It may be of interest to you to know that when I recently registered a new CMS, the Department of Natural Resources and Mines (DERM) required, by virtue of Section 66 (db) and (dc)of the BCCM Act, an explanation as to why certain principles had been decided. Surely DERM could have the same responsibility to ensure that the correct module was decided as it has equivalent or even greater impact on owner’s contributions to levy costs.

Section 66 Requirements for community management statement
(db) ··· (i) the contribution schedule principle under section 46(7) on which the contribution schedule lot entitlements have been decided;
(ii) if the contribution schedule lot entitlements have been decided in accordance with the equality principle and are not equal—explain why they are not equal;
(iii) if the contribution schedule lot entitlements have been decided in accordance with the relativity principle—include sufficient details about the principle to show how individual contribution schedule lot entitlements for the lots were decided by using it;

Intending purchasers unfamiliar with Strata legislation, have a right to expect that a developer is acting lawfully and that adequate consumer protection is in place to protect their rights. This is a principal objective of the BCCM Act as stated at Section 4(g). That a developer can impose a 25 year obligation on owners when currently 10 years applies adds millions of dollars in living costs on those owners over the 25 years. Understandably those owners will not be happy as they become familiar with their body corporate and Queensland strata law.

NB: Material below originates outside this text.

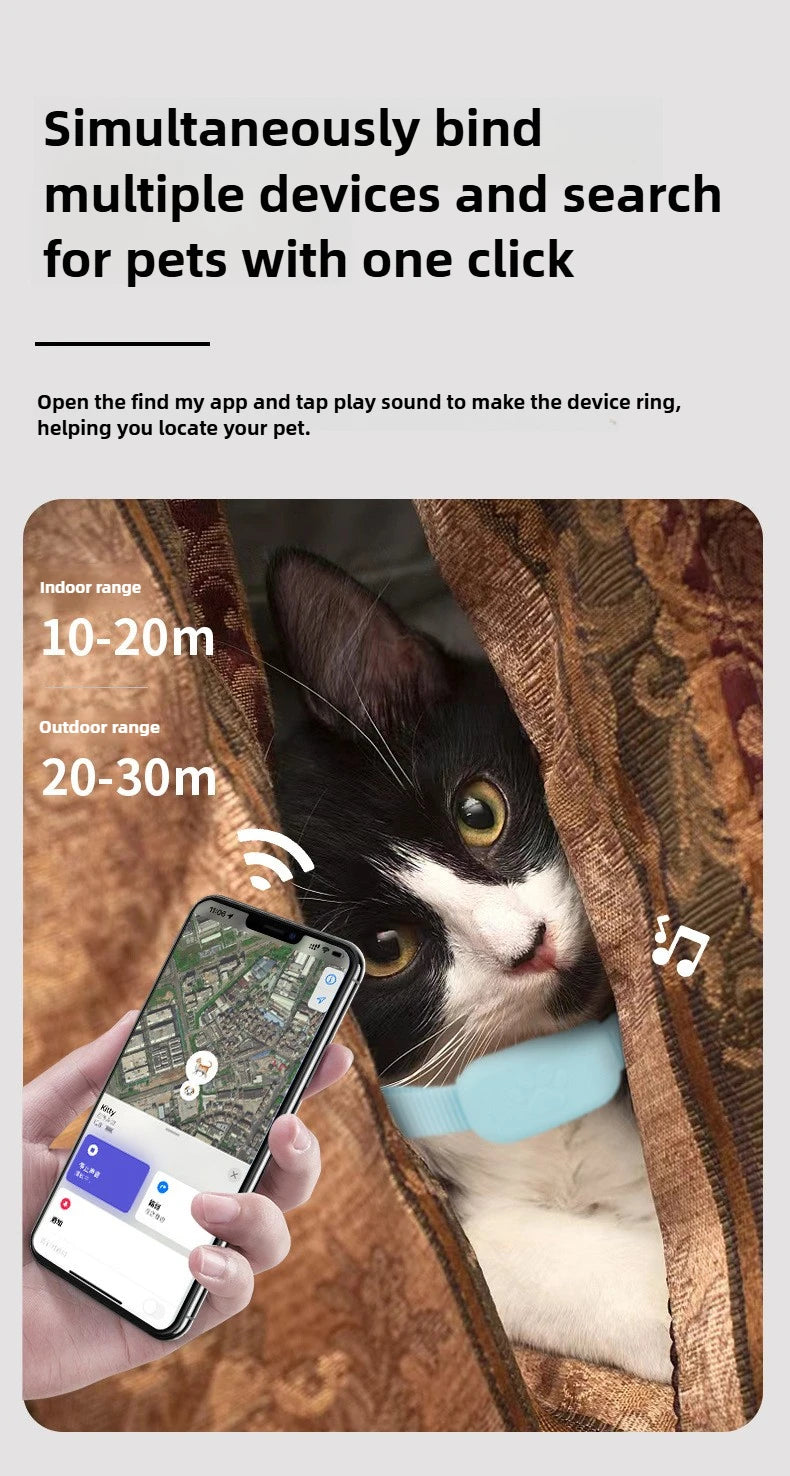 Remote Pet GPS Tracker Waterproof Real-Time Tracking Movement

Finally we must raise the issue of lack of certainty. With the V77 project the developer is representing that “The scheme is intended to operate as a residential community” and “All lots in the scheme are to be used for residential purposes”. Yet the scheme is being incorrectly classified Accommodation Module as denoted at Section 3 of that module:

3 Application of this regulation—Act, s 21 [SM, s 3]
(1) This regulation is a regulation module for the Act.
(2) For this regulation to apply to a community titles scheme—
(a) the lots included in the scheme must be predominantly accommodation lots; or [s3]
Body Corporate and Community Management (Accommodation Module)
(3) In this section—
accommodation lot means a lot that is either or both of the following—
(a) the subject of a lease or letting for accommodation for long or short term residential purposes, or immediately available to be the subject of a lease or letting for accommodation for long or short term residential purposes;
(b) part of a hotel

Section 3 of the Accommodation Module permits “short term residential purposes”. An intending purchaser could be misled to believe that a residential community would not permit short term rental, yet by classifying the development Accommodation Module, a future Caretaker/Letting Agent could offer short term rentals, and owners may find it difficult to prevent this from occurring. This argument is supported by the current misuse of Class 2 developments for the purposes of short term rentals.

As the incorrect classification of Standard Module buildings as Accommodation Module has very serious implications for future owners it is only fair, reasonable and responsible for the Government to address this developing problem as a matter of priority.